§ Dataset

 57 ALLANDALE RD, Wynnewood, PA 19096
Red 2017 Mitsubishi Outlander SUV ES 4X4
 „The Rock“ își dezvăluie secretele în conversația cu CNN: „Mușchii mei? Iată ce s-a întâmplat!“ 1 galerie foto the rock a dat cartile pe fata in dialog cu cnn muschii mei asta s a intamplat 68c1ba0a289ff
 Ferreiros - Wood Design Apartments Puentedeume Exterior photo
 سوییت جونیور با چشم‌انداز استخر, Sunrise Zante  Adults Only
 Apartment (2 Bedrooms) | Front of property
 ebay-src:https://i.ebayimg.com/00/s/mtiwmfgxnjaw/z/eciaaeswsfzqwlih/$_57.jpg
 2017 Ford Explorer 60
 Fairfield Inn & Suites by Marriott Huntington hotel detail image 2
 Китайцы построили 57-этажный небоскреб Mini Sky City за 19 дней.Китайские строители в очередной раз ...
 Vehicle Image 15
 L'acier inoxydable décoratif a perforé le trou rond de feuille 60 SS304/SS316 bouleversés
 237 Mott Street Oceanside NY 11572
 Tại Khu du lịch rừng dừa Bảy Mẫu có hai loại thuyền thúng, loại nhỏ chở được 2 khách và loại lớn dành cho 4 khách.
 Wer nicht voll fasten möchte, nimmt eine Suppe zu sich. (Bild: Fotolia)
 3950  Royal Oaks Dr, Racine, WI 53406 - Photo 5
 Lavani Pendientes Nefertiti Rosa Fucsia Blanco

§ What is expected
Take the line that contains "237 Mott Street Oceanside NY 11572" and each line after it down to the last of the records, and retype them exactly; add nothing else.

§ The completed task
 237 Mott Street Oceanside NY 11572
 Tại Khu du lịch rừng dừa Bảy Mẫu có hai loại thuyền thúng, loại nhỏ chở được 2 khách và loại lớn dành cho 4 khách.
 Wer nicht voll fasten möchte, nimmt eine Suppe zu sich. (Bild: Fotolia)
 3950  Royal Oaks Dr, Racine, WI 53406 - Photo 5
 Lavani Pendientes Nefertiti Rosa Fucsia Blanco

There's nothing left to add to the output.